Short descriptive text snippets
-- Opening Marker --
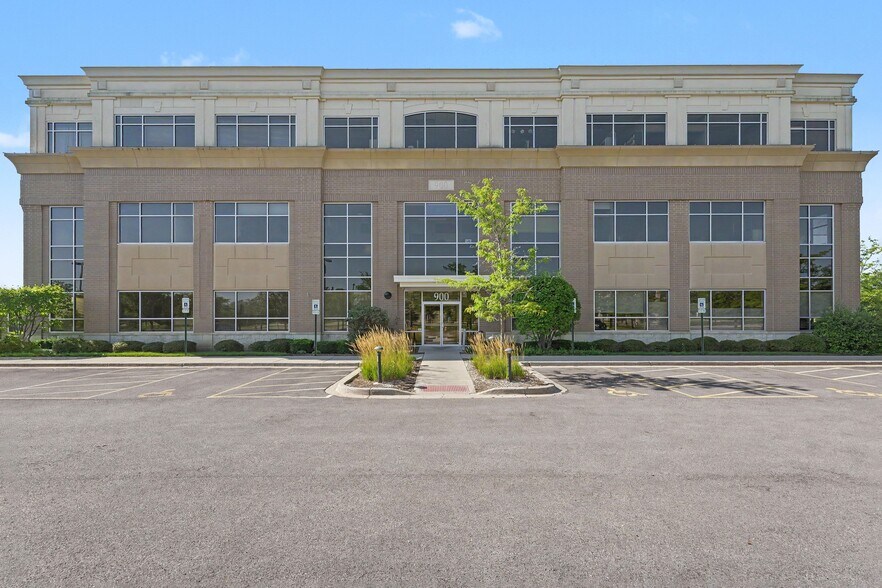 900 Technology Way, Libertyville, IL à vendre - Photo du bâtiment - Image 1 de 2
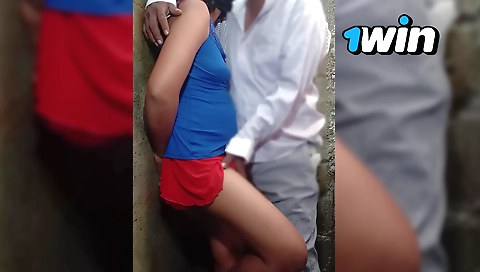 Indian amateur girl enjoys her boyfriend's cock outdoors
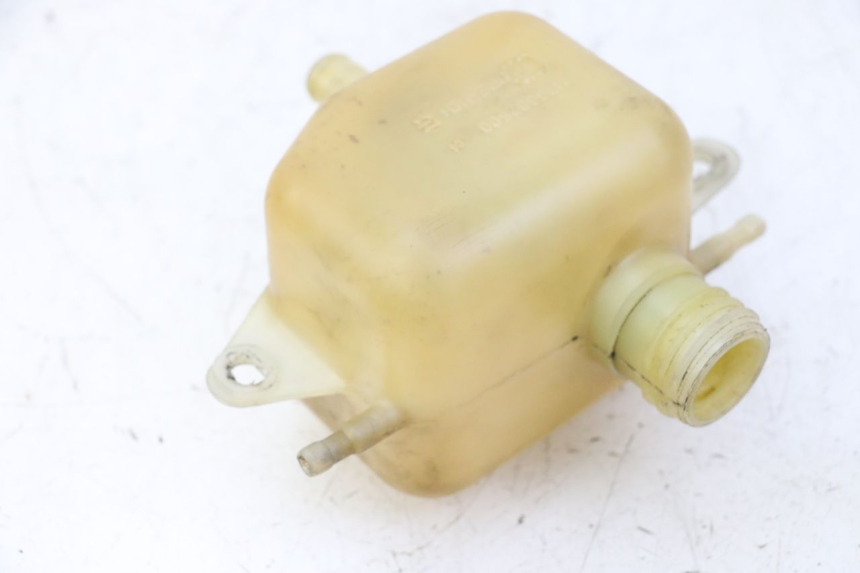 photo de ZBIORNIK OLEJU PEUGEOT SATELIS 125 (2006 - 2009) - Inny kąt widzenia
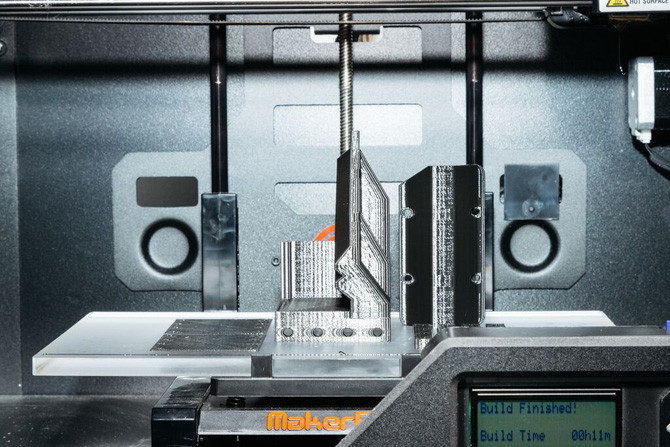 Cũng giống như các cơ sở thử nghiệm khác, Apple trang bị cho InputLab một chiếc máy in 3D. Máy in 3D MakerBot của Apple có khả năng in các loại giá đỡ một cách nhanh chóng, giúp các nhân viên có thể thử nghiệm thiết bị từ nhiều góc độ.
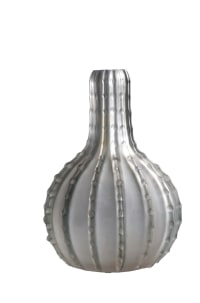 René LALIQUE: “Serrated” Vase - 1912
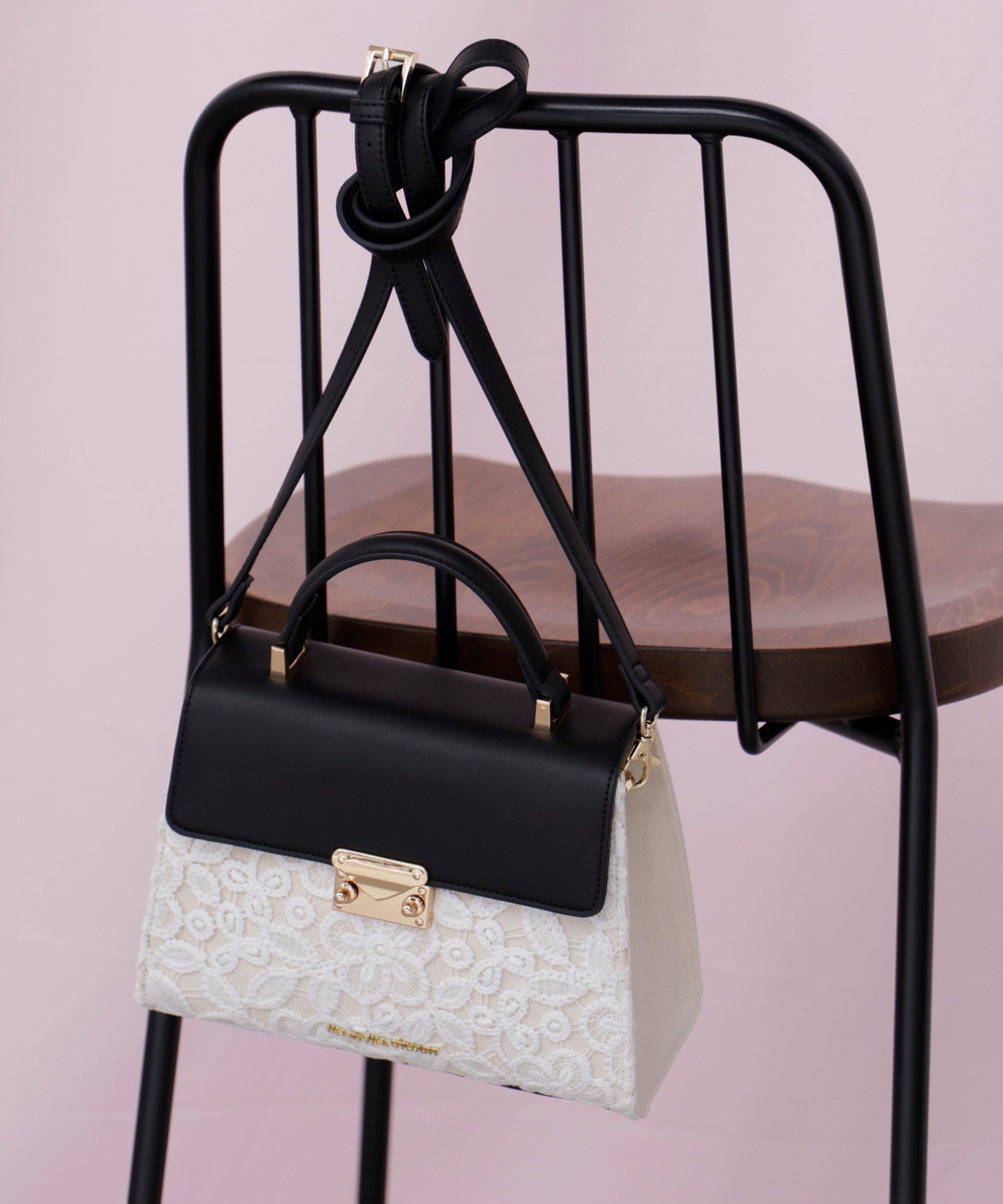 【ジルバイジルスチュアート/JILL by JILLSTUART】のフラップレースバッグ インテリア・キッズ・メンズ・レディースファッション・服の通販 founy(ファニー) 　ファッション　Fashion　レディースファッション　Fashion for Women　バッグ　Bags　エレガント 上品　Elegant　ショルダー　Shoulder, Shoulder Strap　スマート　Smart, Elegant　フラップ　Flap, Flap Pocket　レース　Lace, Lace Fabric　ブラック|ID: prp329100004831774 ipo3291000000035181270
-- Closing Marker --
* PROBLEM TO SOLVE
Could the lines from the first entry through the line that contains "photo de ZBIORNIK" be copied exactly, with all pictures left out?

* EXERCISE OUTPUT
 900 Technology Way, Libertyville, IL à vendre - Photo du bâtiment - Image 1 de 2
 Indian amateur girl enjoys her boyfriend's cock outdoors
 photo de ZBIORNIK OLEJU PEUGEOT SATELIS 125 (2006 - 2009) - Inny kąt widzenia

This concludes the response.